International Gaming and Wagering Business

The Privatization Gamble
Can Private Sector Provide a Cure for Ailing U.S. Lotteries?

July 1, 2008 (Special Report)

The California State Lottery recently rolled out a point-of-sale device called a “check-a-ticket” machine. A player slips a lottery ticket in the machine’s bar-code reader and a scrolling LED message pronounces the ticket a winner or loser. Most of the time, the display tells the player, “Sorry,” but you are not a winner.

“We call it our sorry machine,” a clerk at a Los Angeles grocery store explained as a scratch-off ticket player got the bad news from the check-a-ticket machine. More than four decades after New Hampshire became the first U.S. state to sponsor a lottery, “sorry” is a pretty accurate description of the current condition of lotteries.
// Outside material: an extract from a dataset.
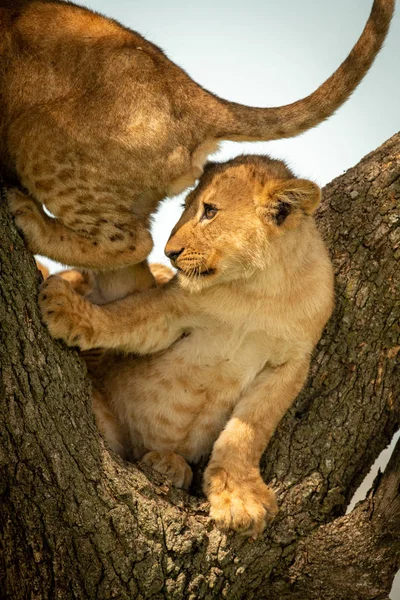 León cachorro pasos en otro en árbol — Foto de Stock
From California to New Jersey, lotteries are underperforming. Sales are stagnant, and profits as a percentage of sales are down. The problem is an aging product and customer base, feeble and ineffective marketing strategies and increased competition from Indian casinos and Internet gambling.

In the midst of this slump, states are looking for ways to patch gaping budget holes without raising taxes. For some, lottery privatization looks like fast and easy money.

“The problem for lotteries is that their core customer base is aging out, and it’s not being replenished,” said David Morrison, president of TWENTYSOMETING Inc., a research and consulting firm specializing in the young-adult market. “Privatization has the potential — underline the word ‘potential’ — to make lottery gaming work harder to reach the next generation of customer out there.”

Considering the size of the state, California’s lottery numbers are nothing to brag about. With $3.6 billion in total sales in 2006, the lottery ranked fifth among 42 state lotteries and 30th in per capita sales at $98.

While no state has yet taken the privatization plunge, the topic remains hotly debated in state legislatures and governors’ offices. Most states are looking at one of three privatization templates: an outright sale for a period of time, outright sale for a period of time with revenue-sharing, or maintaining ownership but handing over management to a private concern in exchange for a percentage of sales in the style of the United Kingdom’s National Lottery.

The issue emerged several years ago when cash-strapped local and state governments started leasing public infrastructure like toll roads. If privatizing a toll road or an airport makes sense, then selling off a state lottery makes even more sense, according to some. Unlike a toll road, a lottery is a strictly retail business with sales based entirely on generating demand. States aren’t set up to be in the business of retail sales.

With interest rates low and market conditions favorable, Wall Street is dangling huge sums of cash in front of states in an effort to move in on state lottery action, which they see as offering predictable, stable returns and plenty of growth opportunity. Lehman Brothers put a price tag on the California Lottery of $37 billion for a 40-year lease, assuming a boost in ticket sales, and tossed out several ideas for doing precisely that, among them using lottery terminals to sell tickets and services, coupling ticket machines with ATMs and placing advertisements on the backs of ticket.

Ernie Passailaigue, president of the North American Association of State and Provincial Lotteries, a non-profit association representing 51 lottery organizations, said states considering privatization to boost sales should first “look inward” and figure out whether it’s necessary at all to involve the private sector. One of the first things a private owner would do is try to loosen or lift some of the rules that are keeping revenues down. But if the private sector will inevitably try to change the rules then some states might be better off holding on to their lotteries and changing the rules themselves, Passailaigue said. Restrictions on advertising, player age limits, placement of terminals and the introduction of new types of games are some of the topics that lotteries directors could be looking at.

But when it comes to tapping into the younger market, there is only so much that lotteries can do because they are hamstrung by state and federal law, Morrison said.

“The best ways to reach that young marketplace are not allowed by law. Younger people want to play the lottery on their cell phone and the Internet, but right now that is illegal. Think about how many more tickets you could sell if you allowed them to game on their cell phones. It’s a phenomenal prospect.”


There is also the fact that lottery marketing at its core is inherently problematic. Too little and sales suffer. Too much and a state is seen as encouraging potentially destructive and addictive behavior, especially on the part of those who can least afford to play.